SUPPLIED INFORMATION:
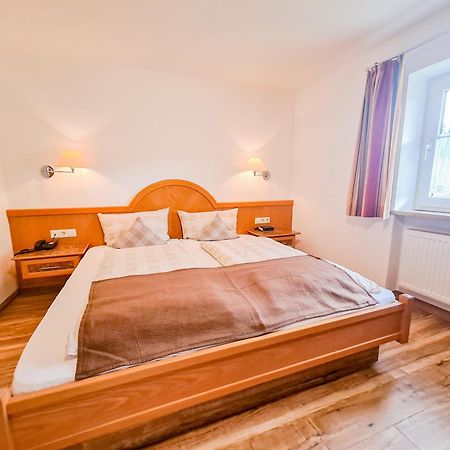 Berghotel Sonnenklause Sonthofen Ngoại thất bức ảnh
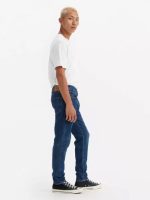 JEAN 512‌ SLIM TAPER شلوار - Image 3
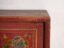 Antique low cabinet in elm wood – China, circa 1900 – Sideboard cabinet, Iron (photo 29 of 40)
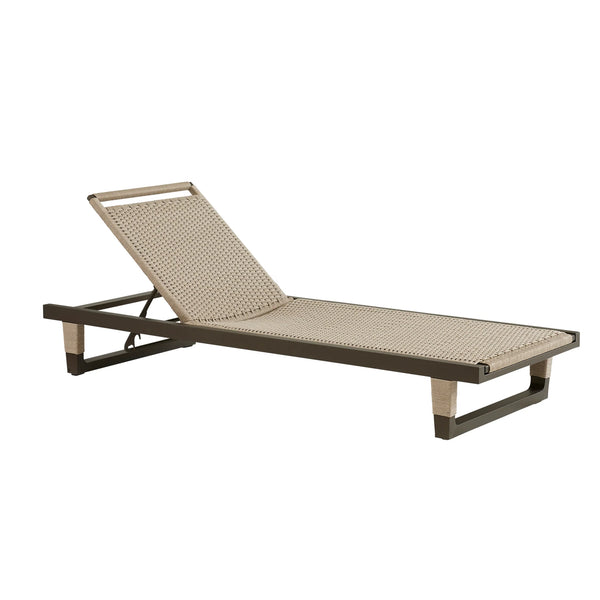The Borsh Sun Lounger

WHAT THE EXERCISE ASKS: What the answer needs is every line from the one containing "JEAN 512‌ SLIM TAPER شلوار - Image 3" through the final line of the data above, copied exactly, without pictures.

ANSWER SPACE:
 JEAN 512‌ SLIM TAPER شلوار - Image 3
 Antique low cabinet in elm wood – China, circa 1900 – Sideboard cabinet, Iron (photo 29 of 40)
The Borsh Sun Lounger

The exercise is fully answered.